Kenneth Anderson is a professor of law at Washington College of Law, a visiting fellow of the Hoover Institution, and a nonresident senior fellow of the Brookings Institution. He writes in areas of international law, laws of war and weapons law, drone warfare and legal aspects of counterterrorism, and most recently, with co-author Matthew Waxman, on autonomous weapon systems. He is the author of Living With the UN: American Responsibilities and International Order (2012); his most recent book, with Benjamin Wittes, is Speaking the Law: The Obama Administration's Addresses on National Security Law (2015).
Gary Brown is Professor of Cyber Security at Marine Corps University, Quantico, Virginia. Previously he served as Head of Communications and Congressional Affairs for the Washington Delegation, International Committee of the Red Cross (ICRC); he was with the ICRC from 2012- 2015. Prior to joining the ICRC, he served 24 years as a judge advocate with the United States Air Force. Colonel Brown's Air Force career included two deployments to the Middle East, one of which was a year at the Combined Air Operations Center, Southwest Asia as the senior lawyer advising on combat air operations in Afghanistan and Iraq. In his final military assignment he was the first senior legal counsel for U.S. Cyber Command, Fort Meade, Maryland, where he served for three years.
Colonel Brown frequently speaks on cyber operations law and policy, and has authored several articles related to cyber warfare, including "Easier Said Than Done: Legal Reviews of Cyber Weapons," Journal of Nat'l Security Law & Policy (2014) (coauthor), "Why Iran Didn't Admit Stuxnet Was an Attack," Joint Forces Quarterly (2011) and "On the Spectrum of Cyberspace Operations," Small Wars Journal (2012) (coauthor). He was the official U.S. observer to the drafting the Tallinn Manual on the International Law Applicable to Cyber Warfare (2013), and is a member of the International Group of Experts drafting the second edition of the Tallinn Manual. He has a law degree from the University of Nebraska and an LL.M. in international law from Cambridge University.
Rebecca Crootof is a Ph.D. in Law candidate at Yale Law School and a Resident Fellow with the YLS Information Society Project. Her work focuses on how international law evolves and its role in American law and policy, with specific consideration of how regulation can channel technological development to promote socially desirable goals. Crootof's primary areas of research include international law, torts, law and technology, foreign affairs and national security law, the law of armed conflict, and international human rights law; she has also written on or taught U.S. constitutional law, statutory interpretation, disability rights, and fair housing law.
Maj Gen Charles J. Dunlap, Jr., USAF (Ret.) is the Executive Director of the Center on Law, Ethics and National Security at Duke Law School, where he is also is a Professor of the Practice of Law. He received his undergraduate degree from St. Joseph's University (PA), and his law degree from Villanova University.

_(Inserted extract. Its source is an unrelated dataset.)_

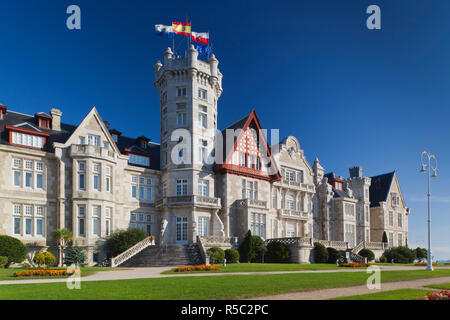 Spanien, Region Kantabrien, Cantabria Provinz, Santander, Peninsula De La Magdalena, Palacio De La Magdalena Stockfoto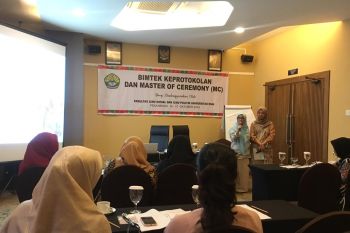 VIDEO - MC kondang Riau isi pelatihan Keprotokolan dan Master of Ceremony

Prior to retiring from the military in June of 2010, General Dunlap assisted in the supervision of more than 2,500 military and civilian attorneys worldwide. His 34-year career included tours in both the United Kingdom and Korea, and he deployed for military operations in Africa and the Middle East. A distinguished graduate of the National War College, General Dunlap is the author of more than 100 publications, and speaks frequently on a wide variety of topics including law of armed conflict issues, cyberwar, drones, civil-military relations, ethics, military justice, and a phenomena he calls "lawfare". He is on the Board of Advisors for the Center for a New American Security and the Foreign Policy Research Institute. He is a guest contributor to the Just Security, Lawfare, and War on the Rocks blogs.
Claire Finkelstein is the Algernon Biddle Professor of Law and Professor of Philosophy at the University of Pennsylvania and the Director of Penn's Center for Ethics and the Rule of Law. She has published in the areas of criminal law theory, moral and political philosophy as applied to legal questions, jurisprudence, and rational choice theory, and more recently in the area of national security and just war theory. She is the co-editor of Targeted Killings: Law & Mortality in an Asymmetrical World (Oxford University Press, 2012) and Cyberwar: Law and Ethics and Virtual Conflicts (Oxford University Press, 2015), and the editor of Hobbes on Law (Ashgate, 2005). She is currently finishing a book entitled Contractarian Legal Theory.
Shane Harris is an author and journalist who has written extensively about intelligence and national security. His new book @War: The Rise of the Military-Internet Complex explores the frontlines of America's new cyber war. (Eamon Dolan/Houghton Mifflin Harcourt, 2014) Shane's first book, The Watchers, tells the story of five men who played central roles in the creation of a vast national security apparatus and the rise of surveillance in America (Penguin Press, 2010). The Watchers won the New York Public Library's Helen Bernstein Book Award for Excellence in Journalism, and the Economist named it one of the best booksof 2010. Shane is the winner of the 2010 Gerald R. Ford Prize for Distinguished Reporting on National Defense. He has four times been named a finalist for the Livingston Awards for Young Journalists. Shane is currently a senior correspondent at The Daily Beast, where he covers national security, intelligence, and cyber security. He is also a fellow at New America.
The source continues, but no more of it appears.